╭─ RAW DATA
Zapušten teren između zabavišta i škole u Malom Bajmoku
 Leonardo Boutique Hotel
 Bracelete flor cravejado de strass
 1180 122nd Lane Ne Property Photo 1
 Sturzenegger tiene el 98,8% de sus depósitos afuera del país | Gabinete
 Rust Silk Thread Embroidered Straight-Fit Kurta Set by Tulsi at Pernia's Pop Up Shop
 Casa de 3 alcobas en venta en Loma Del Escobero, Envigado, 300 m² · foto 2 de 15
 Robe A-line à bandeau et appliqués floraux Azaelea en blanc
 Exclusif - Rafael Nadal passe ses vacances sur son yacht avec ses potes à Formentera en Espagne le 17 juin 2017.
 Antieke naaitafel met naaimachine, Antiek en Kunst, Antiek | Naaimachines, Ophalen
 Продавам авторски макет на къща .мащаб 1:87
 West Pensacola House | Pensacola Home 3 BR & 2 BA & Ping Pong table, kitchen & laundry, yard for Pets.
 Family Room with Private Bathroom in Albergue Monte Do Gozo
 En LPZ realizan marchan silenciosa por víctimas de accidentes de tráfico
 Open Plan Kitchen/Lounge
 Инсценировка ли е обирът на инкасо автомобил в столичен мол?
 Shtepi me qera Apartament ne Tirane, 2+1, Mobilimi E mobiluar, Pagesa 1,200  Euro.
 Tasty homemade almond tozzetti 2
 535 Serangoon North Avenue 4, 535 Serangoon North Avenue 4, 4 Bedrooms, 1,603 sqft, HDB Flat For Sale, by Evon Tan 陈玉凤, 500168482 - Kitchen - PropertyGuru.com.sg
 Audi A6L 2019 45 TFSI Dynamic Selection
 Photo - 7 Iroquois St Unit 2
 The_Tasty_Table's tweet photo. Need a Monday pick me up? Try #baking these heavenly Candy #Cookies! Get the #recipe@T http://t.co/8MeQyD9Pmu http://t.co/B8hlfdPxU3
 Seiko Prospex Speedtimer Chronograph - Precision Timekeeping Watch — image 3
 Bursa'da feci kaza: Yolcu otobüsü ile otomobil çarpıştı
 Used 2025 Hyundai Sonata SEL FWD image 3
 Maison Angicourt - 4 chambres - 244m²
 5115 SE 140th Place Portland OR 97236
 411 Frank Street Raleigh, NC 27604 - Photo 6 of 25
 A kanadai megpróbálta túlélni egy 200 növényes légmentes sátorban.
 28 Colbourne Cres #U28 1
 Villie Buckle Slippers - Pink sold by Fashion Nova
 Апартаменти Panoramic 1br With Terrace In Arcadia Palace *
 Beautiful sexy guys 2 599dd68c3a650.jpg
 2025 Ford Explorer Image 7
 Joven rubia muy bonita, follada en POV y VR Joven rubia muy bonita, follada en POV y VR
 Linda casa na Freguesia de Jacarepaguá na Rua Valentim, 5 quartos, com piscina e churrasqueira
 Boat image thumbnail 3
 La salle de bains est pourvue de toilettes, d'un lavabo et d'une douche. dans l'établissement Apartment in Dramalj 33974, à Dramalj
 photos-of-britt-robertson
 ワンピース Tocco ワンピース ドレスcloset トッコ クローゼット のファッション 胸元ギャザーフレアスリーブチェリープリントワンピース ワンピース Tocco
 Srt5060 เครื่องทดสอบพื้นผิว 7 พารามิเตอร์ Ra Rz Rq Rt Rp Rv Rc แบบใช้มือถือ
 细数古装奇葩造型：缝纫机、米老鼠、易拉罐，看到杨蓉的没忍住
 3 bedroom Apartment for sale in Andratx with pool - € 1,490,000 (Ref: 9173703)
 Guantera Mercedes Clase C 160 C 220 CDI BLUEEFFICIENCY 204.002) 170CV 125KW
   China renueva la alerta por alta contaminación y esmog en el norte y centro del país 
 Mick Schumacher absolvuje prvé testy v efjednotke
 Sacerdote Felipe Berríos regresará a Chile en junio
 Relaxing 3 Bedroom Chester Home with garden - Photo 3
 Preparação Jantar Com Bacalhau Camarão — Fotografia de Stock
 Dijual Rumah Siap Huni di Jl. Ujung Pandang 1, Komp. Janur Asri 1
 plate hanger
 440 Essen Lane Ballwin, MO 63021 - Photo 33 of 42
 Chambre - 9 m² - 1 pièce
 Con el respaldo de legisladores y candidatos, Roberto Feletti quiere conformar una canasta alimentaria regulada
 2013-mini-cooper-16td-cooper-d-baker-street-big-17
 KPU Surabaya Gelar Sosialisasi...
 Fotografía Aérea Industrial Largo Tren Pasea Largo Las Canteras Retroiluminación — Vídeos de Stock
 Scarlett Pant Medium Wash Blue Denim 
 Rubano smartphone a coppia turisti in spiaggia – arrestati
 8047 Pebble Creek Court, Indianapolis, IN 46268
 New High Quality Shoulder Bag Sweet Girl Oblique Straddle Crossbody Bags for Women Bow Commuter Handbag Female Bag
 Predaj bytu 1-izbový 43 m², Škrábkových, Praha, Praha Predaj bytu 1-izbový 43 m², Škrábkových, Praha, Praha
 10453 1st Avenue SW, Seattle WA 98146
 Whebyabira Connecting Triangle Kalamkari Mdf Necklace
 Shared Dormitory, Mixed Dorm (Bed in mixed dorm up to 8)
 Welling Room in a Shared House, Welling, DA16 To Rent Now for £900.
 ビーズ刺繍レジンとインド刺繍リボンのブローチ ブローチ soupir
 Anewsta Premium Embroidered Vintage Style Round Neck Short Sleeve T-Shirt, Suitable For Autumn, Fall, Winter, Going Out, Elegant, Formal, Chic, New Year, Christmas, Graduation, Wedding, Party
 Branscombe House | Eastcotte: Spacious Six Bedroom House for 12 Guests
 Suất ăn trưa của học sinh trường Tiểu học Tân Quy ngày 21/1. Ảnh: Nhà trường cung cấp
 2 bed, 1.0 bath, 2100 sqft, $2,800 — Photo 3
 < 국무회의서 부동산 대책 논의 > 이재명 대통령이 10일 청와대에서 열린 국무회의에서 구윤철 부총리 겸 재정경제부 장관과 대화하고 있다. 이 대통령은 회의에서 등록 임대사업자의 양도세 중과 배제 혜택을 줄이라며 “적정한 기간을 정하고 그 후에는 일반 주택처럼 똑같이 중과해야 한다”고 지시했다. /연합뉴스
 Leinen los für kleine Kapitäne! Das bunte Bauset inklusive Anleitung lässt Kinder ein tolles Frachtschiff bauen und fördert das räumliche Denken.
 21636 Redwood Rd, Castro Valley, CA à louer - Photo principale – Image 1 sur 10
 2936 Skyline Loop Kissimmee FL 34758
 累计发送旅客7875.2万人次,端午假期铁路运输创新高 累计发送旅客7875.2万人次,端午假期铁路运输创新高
╰─
§ DESCRIPTION OF THE TASK:
Write the lines out again exactly, from the one containing "Leinen los für" through the last line of the records, and include no other lines.

§ ANSWER TO THE PROBLEM:
 Leinen los für kleine Kapitäne! Das bunte Bauset inklusive Anleitung lässt Kinder ein tolles Frachtschiff bauen und fördert das räumliche Denken.
 21636 Redwood Rd, Castro Valley, CA à louer - Photo principale – Image 1 sur 10
 2936 Skyline Loop Kissimmee FL 34758
 累计发送旅客7875.2万人次,端午假期铁路运输创新高 累计发送旅客7875.2万人次,端午假期铁路运输创新高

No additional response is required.